RECORDED INFORMATION section start

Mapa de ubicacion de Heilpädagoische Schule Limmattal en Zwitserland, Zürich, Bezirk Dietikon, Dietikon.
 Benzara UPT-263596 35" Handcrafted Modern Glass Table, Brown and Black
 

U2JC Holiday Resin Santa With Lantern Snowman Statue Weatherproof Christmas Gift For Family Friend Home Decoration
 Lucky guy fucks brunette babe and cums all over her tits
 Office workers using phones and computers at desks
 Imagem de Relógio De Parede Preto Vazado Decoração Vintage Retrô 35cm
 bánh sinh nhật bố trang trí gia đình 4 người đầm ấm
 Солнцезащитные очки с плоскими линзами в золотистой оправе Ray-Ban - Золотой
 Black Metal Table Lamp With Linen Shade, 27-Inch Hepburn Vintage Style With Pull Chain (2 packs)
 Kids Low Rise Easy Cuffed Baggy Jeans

RECORDED INFORMATION section end

(GOAL OF THE EXERCISE) Copy out the data exactly, keeping each line whole.

(WRITTEN REPLY)
Mapa de ubicacion de Heilpädagoische Schule Limmattal en Zwitserland, Zürich, Bezirk Dietikon, Dietikon.
 Benzara UPT-263596 35" Handcrafted Modern Glass Table, Brown and Black
 

U2JC Holiday Resin Santa With Lantern Snowman Statue Weatherproof Christmas Gift For Family Friend Home Decoration
 Lucky guy fucks brunette babe and cums all over her tits
 Office workers using phones and computers at desks
 Imagem de Relógio De Parede Preto Vazado Decoração Vintage Retrô 35cm
 bánh sinh nhật bố trang trí gia đình 4 người đầm ấm
 Солнцезащитные очки с плоскими линзами в золотистой оправе Ray-Ban - Золотой
 Black Metal Table Lamp With Linen Shade, 27-Inch Hepburn Vintage Style With Pull Chain (2 packs)
 Kids Low Rise Easy Cuffed Baggy Jeans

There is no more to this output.